Bev turns just as he looks up and as soon as he catches the amused twist of her lips, he quickly looks away again. Eddie isn’t too sure what to make of that, but it seems to put Bev in high spirits who lets out a loud laugh and shrugs to herself. “Okay then!” she sings.

As she’s walking away, drumming her fingertips against the cover of her notepad, she stops by the other table. “Your break ended like fifteen minutes ago. Are you gonna come help me now?”

Eddie’s fork clatters against his plate as Bev glides back to the kitchen. He twists in his seat and stares at Glasses Guy who doesn’t bother to have the decency to look sheepish. At least before, when he was eating the guy’s food and basking in the generosity of a total stranger, Eddie sort of had the higher ground since it hadn’t been him making Bev laugh smugly like that.
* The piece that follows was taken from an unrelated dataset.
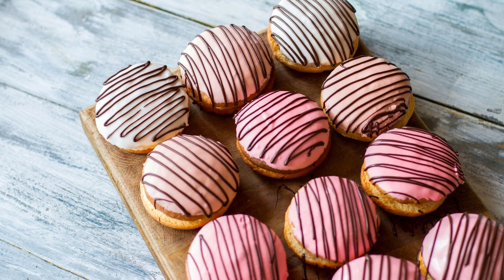Preheat your oven to 350 degrees Fahrenheit (175 degrees Celsius) and line a baking sheet with parchment paper. Take one portion of the chilled cookie dough and roll it out into a rectangle, about a quarter inch thick, on a lightly floured surface.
Now though, the guy is maintaining steady eye contact with Eddie and wearing a shit-eating grin as he unzips his hoody to reveal an IHOP polo shirt underneath.

His nametag reads ‘Richie’ and Eddie sort of wants to eat the table.
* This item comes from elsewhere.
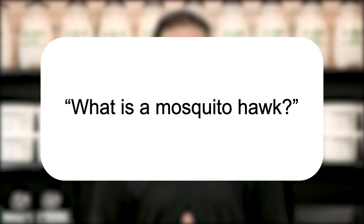Hi, I'm Jason with Solutions Pest and Lawn, and this is Pest Support, where you ask the questions and we give the answers. Our question today is: what is a mosquito hawk?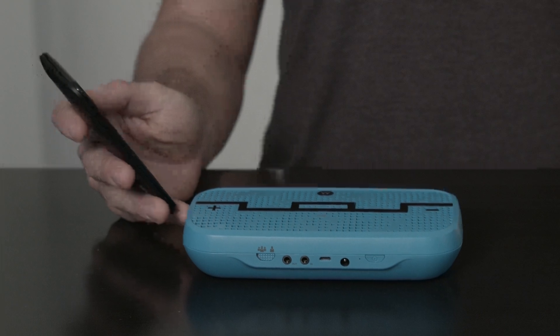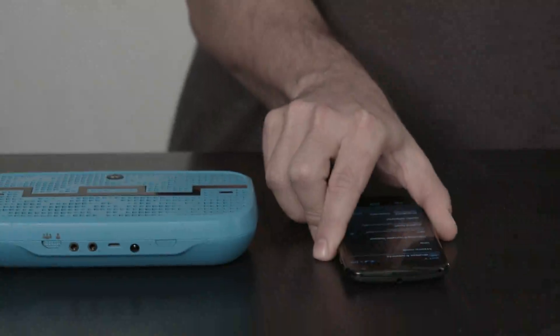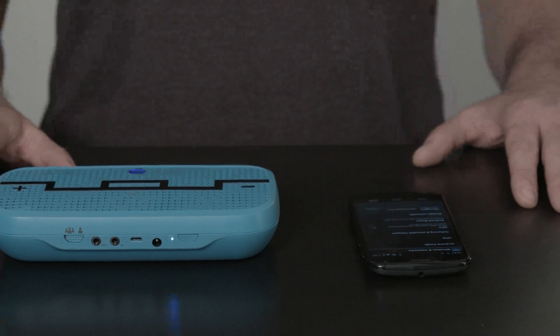You will receive a notification on your phone asking you to connect. Click Yes to pair your Android phone with Deck Ultra. You'll hear the confirmation beep — now you're connected and can play music.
“Well, I gotta get back to work now, Ace,” Richie announces, sliding out of his booth. “But if you ever come back, I’ll make sure we get the expensive mayo in for you. And some extra hash browns too.”

With that, he taps the brim of his hat in a two-fingered salute, sends Eddie a wink and turns around to disappear into the kitchen.

Eddie is left sitting at the booth, trying and failing to process what just happened. He stares down at the uneaten omelette in front of him then promptly grabs his wallet, drops a twenty on the table and scarpers.


“How was work?” Stanley asks when Eddie opens the door and walks into their shared apartment. He speaks quietly, so Patty must still be sleeping, which makes sense since Eddie often goes to bed when Stan starts his job at the asscrack of dawn.

“Work was work,” Eddie says tiredly. His mind is still at an IHOP booth downtown.

“You want any breakfast?” Stan says. He opens the fridge door and pulls out a red packet. “I got you hash browns from the store, by the way.”

Eddie stops in the middle of the hallway and stares at Stan, holding up the food bag with information printed on it announcing that the contents inside can be cooked from frozen.

“N-no, I’m good, thanks,” Eddie manages. “I’m just going to head to bed.”

He waves quickly to Stan and slips into his bedroom, soundly shutting the door behind him and pressing his back against the wood.

The fact that he could have had hash browns at home all along should be making him way more annoyed than he is. In fact, that more he thinks about broad shoulders and a wide grin and tortoise shell glasses, he realises that he isn’t annoyed at all.

But he’s way too fucking tired to unpack that tonight.